Nobody can precisely predict future so specifications can never be perfect. But I am always amazed when reading core web specs like HTTP’s how insightful their authors were. That most programs don’t have a URI does not mean that they couldn’t. Practically anything can and definitely more things should.

In principle it is possible for each program to have its own address which could be used as referrer when a better option doesn’t exist . I suspect this would be against the spirit of specification, but likely not against its text.

However better options often do exist. Lets take Twitter as a popular example. Every link that triggers a visit from Twitter was included in at least one tweet and every tweet is also published on web. It might not be accessible to everyone, but it does have an address. I see no reason why that address could not be used as referrer by Twitter clients.

It is originating content or its address that interest me, but really, almost anything truthful beats an unknown source. Just knowing name of the service (like Twitter) or app used (e.g. Tweetdeck) would be better than nothing.

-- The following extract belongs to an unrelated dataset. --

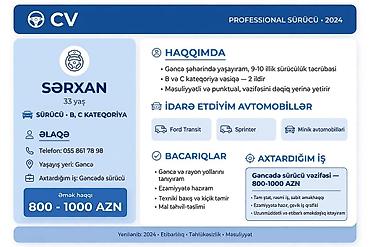 pover isci axtariram: Şirkət sürücüsü, 33 yaş, stajı 9 il, Nəqliyyat təmin edilir — 1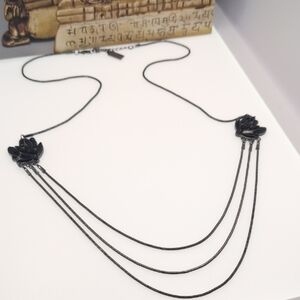 Prabal Gurung Gunmetal Black Geometric Necklace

By the way there is another header field that could provide such insight: User-Agent . Sadly it is notoriously unreliable and often missing as well, but that’s another long story.

So, if I come back to Flickr. I can’t really tell how much Flickr can or could know. I suspect more than it tells, but I would be astonished if they are not mostly in the dark too. Web was largely built by people too busy (and often too lazy) not to cut corners. Meaning: learning and doing as little as possible to get something to work and sometimes we pay price for our ignorance. But it’s a small price compared to waiting for Xanadu .